Jack Catterall ended his second consecutive lengthy layoff with a dominant performance.
The former title challenger—many who have hailed as the uncrowned 140-pound champion—backed up his claim of being levels above Australia’s Darragh Foley. Catterall scored two knockdowns en route to a lopsided decision win. Scores 99-88, 98-89 and 97-90 all landed in favor of Catterall in their DAZN-aired co-feature Saturday evening from AO Arena in Manchester, England.

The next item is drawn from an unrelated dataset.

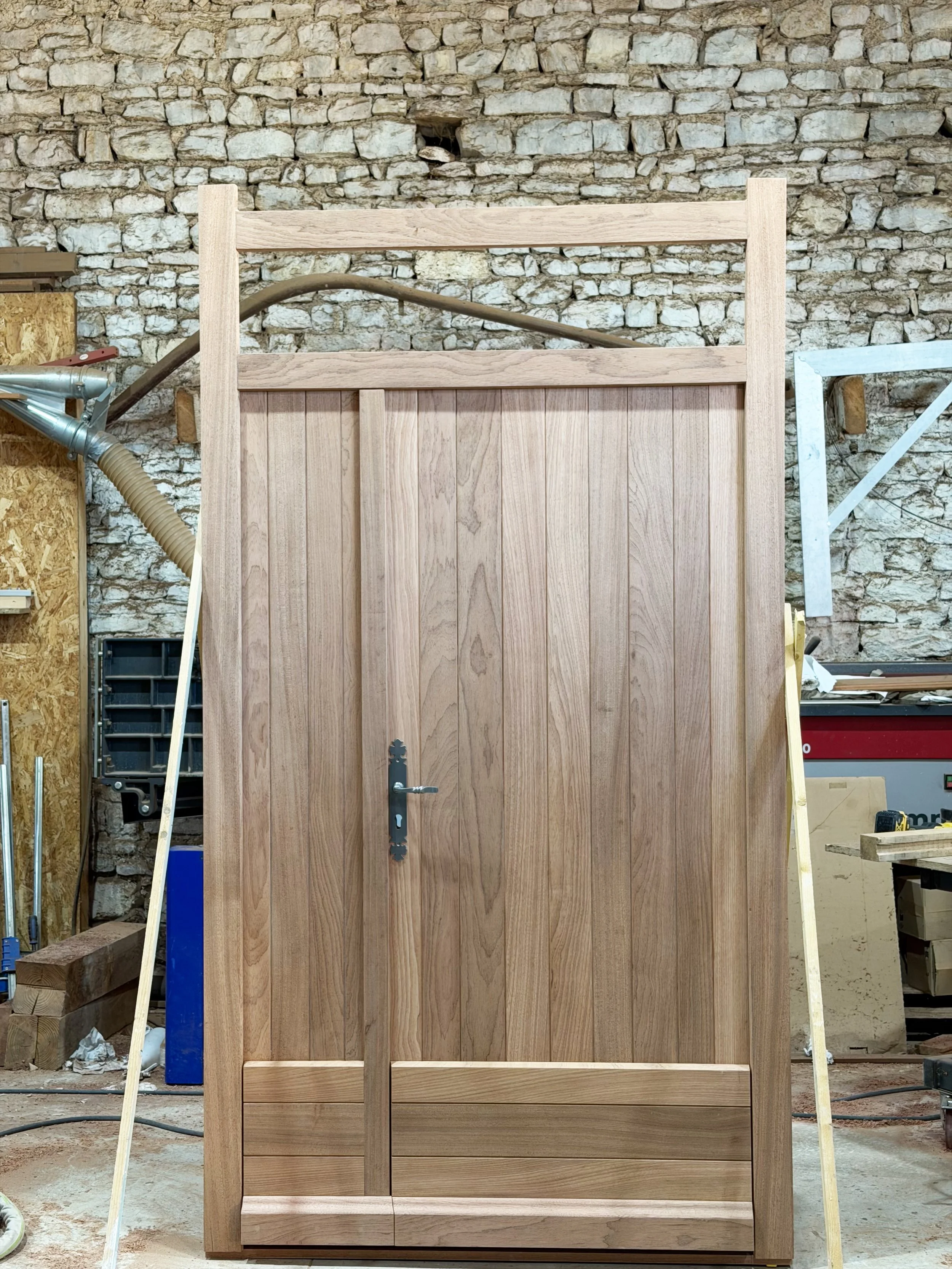 Portes doubles pour une maison à Dirac (16), photographiées à l'atelier avant vitrage et mise en peinture. Vantaux à lames verticales, imposte vitrée et dormant fabriqués d'un seul tenant, poignée en fer forgé.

Caterall—who hails from nearby Chorley—entered to a hero’s welcome for his first fight in 455 days. The bout was his first since a controversial split decision defeat to then-undisputed Josh Taylor (19-0, 13KOs) last February 26 in Glasgow, Scotland. Multiple postponements and an eventual cancellation of their planned rematch left Catterall with a 15-month ring absence for his second straight fight.

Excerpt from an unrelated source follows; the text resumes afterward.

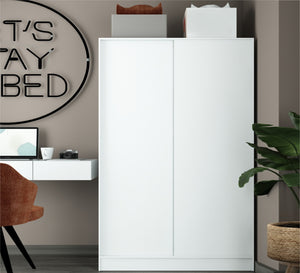 White wardrobe with hinged doors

Conversely, Foley entered as the underdog but with the best momentum of his ten-year-career. The Kent County-born southpaw—who lives and trains in New South Wales—won his previous five starts, including an upset third-round knockout of Robbie Davies Jr. just 11 weeks ago in Liverpool.
Still, he was dismissively regarded by Catterall as a domestic-level fighter well beneath his skill level. It showed in their ten-round junior welterweight affair, as Catterall consistently scored with his jab along with right hooks and straight left hands behind it.
Foley failed to make the necessary adjustment to avoid the more telling blows of Catterall, who connected with a left to the body and right hook upstairs late in round one. The sequence was just a sample of the boxing lesson doled out by Catterall, who routinely landed in combination.
A left hand upstairs snapped back the head of Foley in round four, drawing a rise from the partisan crowd who celebrated every punch landed by Catterall. Foley enjoyed minor success midway through round five, as he pushed forward and was able to land with winging left hands. Catterall shut down the sequence with a series of jabs to drive back Foley.
Time was called near the end of round six to allow Foley to recover from a low blow. Catterall attempted a left uppercut downstairs but landed below the beltline of Foley’s trunks. Trainer Jaime Moore advised Catterall in between rounds on how to correct that and find more space to better leverage his power shots.
An immediate adjustment was made by Catterall, who scored the bout’s first knockdown at the one-minute mark of round seven. Catterall floored Foley with a left hand, but referee Howard Foster was slow to intervene and officially rule a knockdown. Foley sprung to his feet, at which point Catterall hit him with another left, which resulted in a point deduction after Foley was issued a mandatory eight count.
Foley was back on the deck early in round nine. Catterall came out of a brief break after Foley tried to sell a low blow, and launched an overhand left to send the visiting southpaw crashing the canvas. Foley beat the count but was on unsteady legs. Catterall sought to close the show but expended a lot of energy and showed visible signs of fatigue towards the end of the round.
Foley bravely fought on to the final bell, though was forced to absorb an assortment of fouls for his troubles in the final round.
A right hand by the Australia-based Irishman sailed over the top of Catterall’s head before a left hand caught him well below the belt. Foley dropped to his knees in one corner while Catterall was admonished on the opposite side of the ring by the referee. Foley then played to the crowd before he was tossed the canvas during a clinch. He let his hands go in the closing sends but was sent home with his first loss in nearly four years as he fell to 22-5-1 (10KOs).
Catterall (27-1, 13KOs) secured his first win in 30 months, though there remains a healthy portion of the sport who feels he should still be unbeaten. The last time his arm was previously raised in victory was November 2020, as he waited 15 months for a mandatory shot at Taylor. He was well ahead through eight rounds, including a knockdown, but faded in the final four rounds which provided room for judges Ian John-Lewis (114-111) and Victor Loughlin (113-112) to score it for Taylor.
Judge John-Lewis was demoted from his A-star officiating status as the result of his poor scorecard, though the loss remained on Catterall’s record.
Catterall can now move forward with his career after he won in his first fight since signing with Matchroom Boxing. Also recently inked by the global promotional outlet is two-time and reigning WBC 140-pound titlist Regis Prograis (28-1, 24KOs), who defends versus Puerto Rico’s Danielito Zorrilla atop a June 17 DAZN show from New Orleans, Louisiana.
Headlining the show, Leigh Wood (26-3, 16KOs) aims to regain his WBA featherweight title and avenge a knockout loss at the hands of Mauricio Lara (26-2-1, 19KOs), who was grossly overweight and forced to vacate the belt.